Level 3: Failover. With Content Manager implementations, there are many
components to consider that could be a single point of failure (SPOF). An outage in any single component can result in service interruption to an end user. Multiple instances or redundancy for any single component should be deployed for availability purposes. There are two primary techniques to deploy fail-over strategies:– Application clustering or non-IP cluster failover (for example, WebSphere) – Platform clustering or IP-based cluster failover (for example, HACMP) Both of these are fundamental approaches to accomplishing high availability. Components that support application clustering might also be able to take advantage of load balancing in addition to availability benefits. For example, IBM WebSphere Application Server Network Dispatcher (ND) Version 5.0 and WebSphere Application Server Version 4.0 Advanced Edition (AE) has a built-in application clustering support. In order to achieve 99.9x% high availability in a Content Manager environment, you typically need to deploy both application clustering and platform clustering, assuming your solution is operating in a multi-tier or multiserver environment. If you run the full Content Manager stack on a single server (all components), platform clustering or IP-based failover would be the appropriate strategy to deploy.
In a platform clustering environment, a standby or backup system is used to take over for the primary system if the primary system fails. In principle, almost any component can become highly available by employing platform clustering techniques. With IP-based cluster failover, we can configure the systems as active/active mutual takeover or active/standby (hot spare). Additional information regarding fail-over strategies and techniques for Content Manager implementations are discussed in 4.2, “Content Manager HA strategies and options” on page 100.

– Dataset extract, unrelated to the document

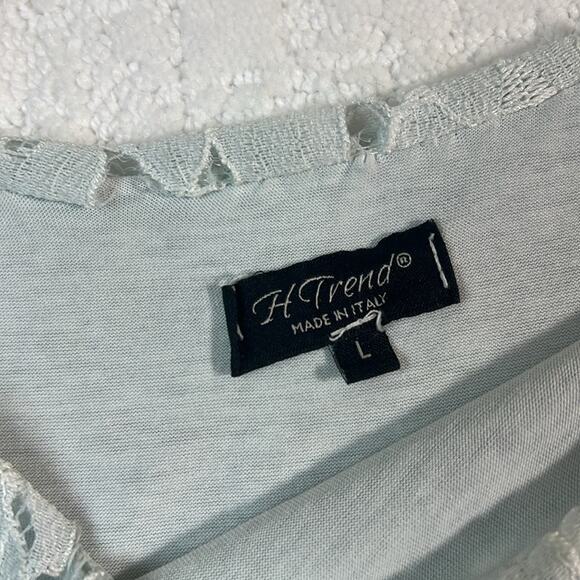 Silk H Trend layered blouse with lace accent and sheer sleeves and overlay L - Picture 4 of 7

Level 4: Replication (data redundancy). This type of high availability for
Content Manager implementations extends the protection by duplicating the database content (metadata and control tables) and file system content to another machine (server) in the event of a hardware, software, disk, or data failure. This would provide another level of protection and high availability in the event of a failure with data and content being replicated compared to a shared disk/fail-over strategy previously discussed. This type of a high availability implementation (replication) can also be used as a disasterrecovery strategy, the difference being whether the servers are located within the same location or are geographically separated.
For Content Manager implementations, this strategy would use a database replication and a Resource Manager replication strategy, as discussed later in this chapter in 4.2.5, “High availability example 3: Replication” on page 113.
Level 5: Disaster recovery
. This applies to maintaining systems in different sites. When the primary site becomes unavailable due to disasters, the backup site can become operational within a reasonable time. This can be done manually through regular data backups and automatically bygeographical clustering, replication, or mirroring software.
It is also possible and a best practice to combine multiple high availability levels within a single solution. For example, a fail-over (level 3) strategy for the Library Server database and a replication strategy (level 4) for the Resource Manager content, with all servers using a disk redundancy strategy (level 2).
Examples for levels 3 and 4 are discussed in 4.2, “Content Manager HA strategies and options” on page 100.